Prime Minister Mark Carney named retired Supreme Court Justice Louise Arbour as Canada’s next governor general during an announcement in Toronto on Tuesday. Carney said King Charles III approved the appointment on his recommendation. The governor general serves as the representative of the British monarch, who remains Canada’s head of state as a member of the Commonwealth.
Arbour, 79, will succeed Mary Simon — Canada’s first Indigenous governor general — when Simon’s term reaches the five-year mark in July, the Associated Press reported. Carney described Arbour as “a world-renowned legal scholar, judge and leader in human rights and justice,” noting she held judgeships on the Supreme Court of Ontario, the Court of Appeal for Ontario, and the Supreme Court of Canada.

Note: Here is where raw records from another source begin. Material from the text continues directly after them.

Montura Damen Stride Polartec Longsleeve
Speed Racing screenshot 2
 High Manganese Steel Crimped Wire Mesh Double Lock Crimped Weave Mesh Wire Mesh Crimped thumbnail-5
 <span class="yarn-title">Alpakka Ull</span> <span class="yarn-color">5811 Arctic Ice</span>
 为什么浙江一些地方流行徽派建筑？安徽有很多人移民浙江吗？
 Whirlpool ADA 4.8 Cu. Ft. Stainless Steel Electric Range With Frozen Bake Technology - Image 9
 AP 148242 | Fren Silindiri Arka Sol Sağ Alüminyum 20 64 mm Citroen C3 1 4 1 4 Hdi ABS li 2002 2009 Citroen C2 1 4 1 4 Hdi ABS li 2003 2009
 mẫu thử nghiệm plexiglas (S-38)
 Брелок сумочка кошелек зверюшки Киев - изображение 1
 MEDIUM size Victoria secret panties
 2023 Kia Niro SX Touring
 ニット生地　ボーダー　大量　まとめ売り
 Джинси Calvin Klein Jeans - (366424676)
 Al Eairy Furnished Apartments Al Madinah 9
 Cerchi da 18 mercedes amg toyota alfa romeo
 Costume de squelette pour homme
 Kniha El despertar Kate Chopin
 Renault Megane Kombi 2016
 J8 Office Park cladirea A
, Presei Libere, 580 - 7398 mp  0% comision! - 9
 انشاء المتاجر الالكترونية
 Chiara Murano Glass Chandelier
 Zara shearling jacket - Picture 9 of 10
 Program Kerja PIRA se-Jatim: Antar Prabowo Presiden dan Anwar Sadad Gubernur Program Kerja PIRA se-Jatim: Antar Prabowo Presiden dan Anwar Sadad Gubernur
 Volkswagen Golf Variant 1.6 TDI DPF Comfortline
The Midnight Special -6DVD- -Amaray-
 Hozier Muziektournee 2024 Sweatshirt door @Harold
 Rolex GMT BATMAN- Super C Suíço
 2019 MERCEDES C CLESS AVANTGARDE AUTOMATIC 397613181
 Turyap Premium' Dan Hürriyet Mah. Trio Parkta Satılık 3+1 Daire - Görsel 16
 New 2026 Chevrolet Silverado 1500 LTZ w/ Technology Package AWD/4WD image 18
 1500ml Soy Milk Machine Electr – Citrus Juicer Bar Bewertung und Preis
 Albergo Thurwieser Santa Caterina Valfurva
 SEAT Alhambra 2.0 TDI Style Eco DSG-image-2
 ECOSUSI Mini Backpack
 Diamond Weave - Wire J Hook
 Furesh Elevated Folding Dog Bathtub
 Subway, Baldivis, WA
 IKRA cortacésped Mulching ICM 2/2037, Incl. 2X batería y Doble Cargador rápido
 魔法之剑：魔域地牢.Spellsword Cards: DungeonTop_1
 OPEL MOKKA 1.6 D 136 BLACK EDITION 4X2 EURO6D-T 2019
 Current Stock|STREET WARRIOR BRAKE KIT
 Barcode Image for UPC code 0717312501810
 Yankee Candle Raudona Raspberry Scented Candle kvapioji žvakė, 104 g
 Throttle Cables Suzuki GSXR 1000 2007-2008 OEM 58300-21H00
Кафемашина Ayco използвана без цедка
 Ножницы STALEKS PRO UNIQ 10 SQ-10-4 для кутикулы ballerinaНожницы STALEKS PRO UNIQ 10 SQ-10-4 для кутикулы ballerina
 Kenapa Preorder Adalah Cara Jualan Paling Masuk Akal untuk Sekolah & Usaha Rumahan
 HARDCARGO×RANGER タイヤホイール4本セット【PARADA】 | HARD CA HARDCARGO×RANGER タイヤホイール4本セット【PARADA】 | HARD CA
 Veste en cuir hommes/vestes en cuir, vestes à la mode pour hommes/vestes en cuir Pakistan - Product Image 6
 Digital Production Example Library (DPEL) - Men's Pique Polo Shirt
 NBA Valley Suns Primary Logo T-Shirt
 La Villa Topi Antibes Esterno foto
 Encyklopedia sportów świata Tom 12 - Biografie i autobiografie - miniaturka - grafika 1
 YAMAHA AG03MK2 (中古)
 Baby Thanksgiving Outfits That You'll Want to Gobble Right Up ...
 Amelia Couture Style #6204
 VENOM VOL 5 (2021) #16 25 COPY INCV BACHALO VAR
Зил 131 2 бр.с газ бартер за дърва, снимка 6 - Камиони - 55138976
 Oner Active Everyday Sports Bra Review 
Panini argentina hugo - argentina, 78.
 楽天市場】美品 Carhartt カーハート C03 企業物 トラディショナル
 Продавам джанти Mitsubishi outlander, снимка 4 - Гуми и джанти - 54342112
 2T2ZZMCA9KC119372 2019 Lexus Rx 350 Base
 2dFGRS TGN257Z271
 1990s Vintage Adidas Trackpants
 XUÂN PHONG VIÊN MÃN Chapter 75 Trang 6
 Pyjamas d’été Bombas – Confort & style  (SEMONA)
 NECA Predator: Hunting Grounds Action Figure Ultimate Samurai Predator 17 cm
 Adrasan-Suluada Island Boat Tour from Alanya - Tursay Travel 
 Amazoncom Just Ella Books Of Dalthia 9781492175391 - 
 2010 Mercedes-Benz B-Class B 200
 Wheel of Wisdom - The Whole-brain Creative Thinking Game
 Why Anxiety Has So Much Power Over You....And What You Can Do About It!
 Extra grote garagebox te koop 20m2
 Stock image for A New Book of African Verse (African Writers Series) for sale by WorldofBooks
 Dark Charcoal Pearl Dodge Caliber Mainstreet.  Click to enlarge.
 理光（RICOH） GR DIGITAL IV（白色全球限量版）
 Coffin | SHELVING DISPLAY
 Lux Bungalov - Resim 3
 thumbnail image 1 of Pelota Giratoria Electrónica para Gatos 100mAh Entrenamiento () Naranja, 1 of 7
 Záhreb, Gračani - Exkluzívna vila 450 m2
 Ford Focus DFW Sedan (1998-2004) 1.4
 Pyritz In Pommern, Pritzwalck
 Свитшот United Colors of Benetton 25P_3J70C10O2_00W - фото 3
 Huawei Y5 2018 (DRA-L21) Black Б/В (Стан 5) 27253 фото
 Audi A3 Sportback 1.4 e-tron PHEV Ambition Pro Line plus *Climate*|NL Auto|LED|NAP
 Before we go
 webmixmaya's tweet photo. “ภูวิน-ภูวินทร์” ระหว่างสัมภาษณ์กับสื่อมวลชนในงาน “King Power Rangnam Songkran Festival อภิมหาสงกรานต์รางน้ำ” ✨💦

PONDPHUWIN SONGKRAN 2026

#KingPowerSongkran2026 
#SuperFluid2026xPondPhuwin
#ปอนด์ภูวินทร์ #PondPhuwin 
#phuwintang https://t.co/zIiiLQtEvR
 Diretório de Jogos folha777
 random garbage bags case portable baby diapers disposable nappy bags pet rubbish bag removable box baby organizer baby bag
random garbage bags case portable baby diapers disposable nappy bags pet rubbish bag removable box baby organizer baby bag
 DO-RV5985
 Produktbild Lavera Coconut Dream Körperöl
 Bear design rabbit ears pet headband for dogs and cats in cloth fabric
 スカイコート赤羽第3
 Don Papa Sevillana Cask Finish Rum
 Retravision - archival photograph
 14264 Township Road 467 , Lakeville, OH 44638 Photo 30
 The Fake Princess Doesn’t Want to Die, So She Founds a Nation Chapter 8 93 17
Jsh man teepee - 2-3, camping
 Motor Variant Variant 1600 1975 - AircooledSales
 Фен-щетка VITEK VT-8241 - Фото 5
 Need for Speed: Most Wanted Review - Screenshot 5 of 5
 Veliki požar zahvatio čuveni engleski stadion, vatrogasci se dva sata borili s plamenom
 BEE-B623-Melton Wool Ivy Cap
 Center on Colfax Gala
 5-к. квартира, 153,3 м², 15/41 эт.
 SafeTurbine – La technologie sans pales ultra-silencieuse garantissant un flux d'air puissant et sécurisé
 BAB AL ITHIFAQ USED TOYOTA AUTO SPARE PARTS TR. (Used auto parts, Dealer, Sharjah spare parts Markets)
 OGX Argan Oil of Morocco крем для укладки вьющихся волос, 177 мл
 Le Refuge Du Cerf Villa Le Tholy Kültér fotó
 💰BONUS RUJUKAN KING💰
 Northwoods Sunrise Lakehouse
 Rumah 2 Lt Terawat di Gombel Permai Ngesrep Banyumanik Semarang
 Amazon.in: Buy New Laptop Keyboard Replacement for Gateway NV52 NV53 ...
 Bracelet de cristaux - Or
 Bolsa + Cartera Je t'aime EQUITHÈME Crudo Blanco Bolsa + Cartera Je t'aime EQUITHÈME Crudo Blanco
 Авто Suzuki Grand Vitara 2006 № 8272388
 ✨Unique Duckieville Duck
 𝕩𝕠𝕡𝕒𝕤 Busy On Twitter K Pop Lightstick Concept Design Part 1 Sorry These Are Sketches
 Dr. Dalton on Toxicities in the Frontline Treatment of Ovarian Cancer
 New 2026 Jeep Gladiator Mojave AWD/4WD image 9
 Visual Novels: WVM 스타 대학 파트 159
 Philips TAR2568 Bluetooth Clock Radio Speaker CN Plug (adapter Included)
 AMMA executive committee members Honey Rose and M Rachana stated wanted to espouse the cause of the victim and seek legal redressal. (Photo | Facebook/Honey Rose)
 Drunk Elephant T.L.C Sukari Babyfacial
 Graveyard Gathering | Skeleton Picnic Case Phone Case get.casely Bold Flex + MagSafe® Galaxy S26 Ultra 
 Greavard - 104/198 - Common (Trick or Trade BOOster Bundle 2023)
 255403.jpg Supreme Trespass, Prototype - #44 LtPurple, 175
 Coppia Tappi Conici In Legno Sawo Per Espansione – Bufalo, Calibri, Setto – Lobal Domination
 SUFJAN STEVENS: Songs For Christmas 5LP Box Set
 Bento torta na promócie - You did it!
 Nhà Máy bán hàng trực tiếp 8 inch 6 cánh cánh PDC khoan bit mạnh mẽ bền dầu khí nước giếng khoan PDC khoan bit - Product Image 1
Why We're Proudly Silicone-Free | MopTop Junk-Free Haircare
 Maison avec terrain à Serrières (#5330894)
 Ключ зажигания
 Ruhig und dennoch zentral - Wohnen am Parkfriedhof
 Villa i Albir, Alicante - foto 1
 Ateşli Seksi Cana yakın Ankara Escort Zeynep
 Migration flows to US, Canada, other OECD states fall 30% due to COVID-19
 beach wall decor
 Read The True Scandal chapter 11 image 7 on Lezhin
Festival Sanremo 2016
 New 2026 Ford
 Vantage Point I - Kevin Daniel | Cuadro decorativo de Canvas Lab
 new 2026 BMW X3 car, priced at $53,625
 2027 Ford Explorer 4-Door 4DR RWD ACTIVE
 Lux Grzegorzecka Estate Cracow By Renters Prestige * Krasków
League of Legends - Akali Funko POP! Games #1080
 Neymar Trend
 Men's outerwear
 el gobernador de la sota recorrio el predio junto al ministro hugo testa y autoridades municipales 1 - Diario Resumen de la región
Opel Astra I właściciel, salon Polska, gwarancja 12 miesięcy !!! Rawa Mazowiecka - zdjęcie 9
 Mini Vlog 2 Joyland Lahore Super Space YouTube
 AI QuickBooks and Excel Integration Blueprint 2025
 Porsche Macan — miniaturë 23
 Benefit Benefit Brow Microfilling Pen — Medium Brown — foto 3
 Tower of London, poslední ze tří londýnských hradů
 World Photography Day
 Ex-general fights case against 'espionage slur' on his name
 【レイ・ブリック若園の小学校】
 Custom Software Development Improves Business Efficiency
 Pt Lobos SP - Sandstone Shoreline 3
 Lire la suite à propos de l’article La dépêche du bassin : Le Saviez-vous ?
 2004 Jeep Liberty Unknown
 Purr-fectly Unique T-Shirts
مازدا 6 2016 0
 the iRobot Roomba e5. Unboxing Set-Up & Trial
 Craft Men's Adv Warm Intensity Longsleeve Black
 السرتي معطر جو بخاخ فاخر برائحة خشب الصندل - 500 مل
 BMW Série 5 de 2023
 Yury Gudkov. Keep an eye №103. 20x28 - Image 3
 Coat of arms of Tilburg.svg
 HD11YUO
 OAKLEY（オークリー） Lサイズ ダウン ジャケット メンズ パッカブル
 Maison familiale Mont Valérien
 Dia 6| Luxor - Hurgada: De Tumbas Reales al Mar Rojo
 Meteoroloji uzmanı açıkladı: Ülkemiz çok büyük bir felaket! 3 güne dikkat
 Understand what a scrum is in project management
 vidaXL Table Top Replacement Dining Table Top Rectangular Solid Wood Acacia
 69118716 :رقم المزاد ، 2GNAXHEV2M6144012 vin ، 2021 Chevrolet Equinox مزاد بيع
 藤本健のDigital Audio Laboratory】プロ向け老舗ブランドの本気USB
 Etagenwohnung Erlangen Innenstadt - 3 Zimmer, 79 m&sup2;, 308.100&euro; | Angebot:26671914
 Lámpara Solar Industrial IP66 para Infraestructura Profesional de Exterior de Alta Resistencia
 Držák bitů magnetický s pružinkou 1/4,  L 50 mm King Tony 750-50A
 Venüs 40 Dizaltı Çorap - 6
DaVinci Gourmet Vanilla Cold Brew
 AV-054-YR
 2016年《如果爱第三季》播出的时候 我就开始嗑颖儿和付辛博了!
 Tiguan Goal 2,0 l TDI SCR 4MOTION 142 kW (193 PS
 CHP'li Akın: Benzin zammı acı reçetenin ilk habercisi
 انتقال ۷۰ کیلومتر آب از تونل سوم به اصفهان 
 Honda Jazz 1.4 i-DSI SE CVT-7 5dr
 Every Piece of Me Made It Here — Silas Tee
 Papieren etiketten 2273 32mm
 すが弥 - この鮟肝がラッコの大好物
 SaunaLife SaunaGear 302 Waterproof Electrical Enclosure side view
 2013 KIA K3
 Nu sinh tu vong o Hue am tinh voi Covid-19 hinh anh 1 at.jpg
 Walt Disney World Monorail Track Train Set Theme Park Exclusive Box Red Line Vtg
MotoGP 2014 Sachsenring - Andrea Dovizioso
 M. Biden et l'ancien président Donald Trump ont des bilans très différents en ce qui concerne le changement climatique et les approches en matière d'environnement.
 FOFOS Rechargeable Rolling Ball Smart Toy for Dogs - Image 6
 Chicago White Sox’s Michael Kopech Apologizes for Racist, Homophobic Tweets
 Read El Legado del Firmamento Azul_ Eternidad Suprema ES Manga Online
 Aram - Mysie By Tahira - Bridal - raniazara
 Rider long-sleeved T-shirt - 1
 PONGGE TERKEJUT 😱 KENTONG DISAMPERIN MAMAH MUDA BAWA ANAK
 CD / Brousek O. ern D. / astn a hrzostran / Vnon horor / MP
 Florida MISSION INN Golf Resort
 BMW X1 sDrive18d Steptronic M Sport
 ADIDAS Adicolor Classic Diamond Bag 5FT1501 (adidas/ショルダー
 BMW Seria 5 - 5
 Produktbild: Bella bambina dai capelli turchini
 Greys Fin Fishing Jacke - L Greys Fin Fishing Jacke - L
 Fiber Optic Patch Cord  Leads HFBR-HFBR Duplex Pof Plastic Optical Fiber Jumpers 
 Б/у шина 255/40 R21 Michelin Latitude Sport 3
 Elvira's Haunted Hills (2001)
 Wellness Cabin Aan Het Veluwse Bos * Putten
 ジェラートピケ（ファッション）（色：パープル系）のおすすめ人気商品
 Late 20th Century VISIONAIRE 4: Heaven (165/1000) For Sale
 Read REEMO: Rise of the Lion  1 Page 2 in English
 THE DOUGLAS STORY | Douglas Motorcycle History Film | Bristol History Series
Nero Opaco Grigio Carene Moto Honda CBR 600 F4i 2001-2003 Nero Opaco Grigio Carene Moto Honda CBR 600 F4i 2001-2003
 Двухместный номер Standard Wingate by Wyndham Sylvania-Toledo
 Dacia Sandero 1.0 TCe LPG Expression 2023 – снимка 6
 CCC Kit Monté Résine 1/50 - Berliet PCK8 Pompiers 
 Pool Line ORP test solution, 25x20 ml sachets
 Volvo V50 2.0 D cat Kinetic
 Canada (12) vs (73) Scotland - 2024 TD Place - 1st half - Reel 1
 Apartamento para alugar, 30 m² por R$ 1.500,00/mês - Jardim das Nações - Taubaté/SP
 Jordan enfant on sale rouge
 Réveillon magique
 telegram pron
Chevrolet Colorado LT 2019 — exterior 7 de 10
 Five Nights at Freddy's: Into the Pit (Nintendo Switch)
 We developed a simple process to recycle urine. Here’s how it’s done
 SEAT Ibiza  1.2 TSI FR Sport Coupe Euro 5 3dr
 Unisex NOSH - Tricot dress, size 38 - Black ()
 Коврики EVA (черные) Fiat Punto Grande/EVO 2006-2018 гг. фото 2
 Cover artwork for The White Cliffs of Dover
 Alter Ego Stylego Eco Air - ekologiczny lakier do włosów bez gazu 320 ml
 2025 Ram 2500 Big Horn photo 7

Asked whether she considers herself a monarchist, Arbour said in French that she “doesn’t really know what that term is supposed to mean” but voiced support for the current system. “I will be the representative of the Crown in a constitutional arrangement that has served Canada extremely well throughout our history, even more in recent decades,” she said.
Daniel Béland, a political science professor at McGill University in Montreal, told the AP that Simon’s lack of French proficiency drew criticism from many francophone commentators and that Arbour’s appointment comes at a politically sensitive time. The provincial Parti Québécois has pledged to organize an independence referendum by 2030 if it forms a majority government after Quebec’s October 5 general election. “Having a francophone as Governor General might help,” Béland said. He noted that Arbour is well known and respected in French-speaking Quebec.
Arbour’s international credentials are extensive. In 1996 the United Nations appointed her Chief Prosecutor of the International Criminal Tribunals for the former Yugoslavia and Rwanda. Her office secured the first conviction for genocide under the 1948 Genocide Convention and issued the first indictment for war crimes of a sitting head of state. She later served as the U.N. Special Representative for International Migration from 2017 to 2018.
Carney indicated he expects a close working relationship with Arbour. “I will have an opportunity to have very in-depth conversations with Arbour in private on issues that affect Canada and the rest of the world,” he said. The governor general holds important constitutional duties, though the role is primarily ceremonial and symbolic.